- _ACTIVITY_: What to return is the tail of the data, from the line that contains "Bubblegum Slush Syrup" down to the last line, copied exactly.

- _DATASET CONTENT_:
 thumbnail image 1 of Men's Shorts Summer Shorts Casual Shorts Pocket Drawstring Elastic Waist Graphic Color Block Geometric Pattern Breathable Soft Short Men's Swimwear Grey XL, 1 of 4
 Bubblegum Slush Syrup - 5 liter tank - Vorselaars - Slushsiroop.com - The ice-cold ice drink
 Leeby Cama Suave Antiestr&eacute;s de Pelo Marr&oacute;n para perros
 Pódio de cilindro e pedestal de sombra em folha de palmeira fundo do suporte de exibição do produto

- _RESULT BELOW_:
 Bubblegum Slush Syrup - 5 liter tank - Vorselaars - Slushsiroop.com - The ice-cold ice drink
 Leeby Cama Suave Antiestr&eacute;s de Pelo Marr&oacute;n para perros
 Pódio de cilindro e pedestal de sombra em folha de palmeira fundo do suporte de exibição do produto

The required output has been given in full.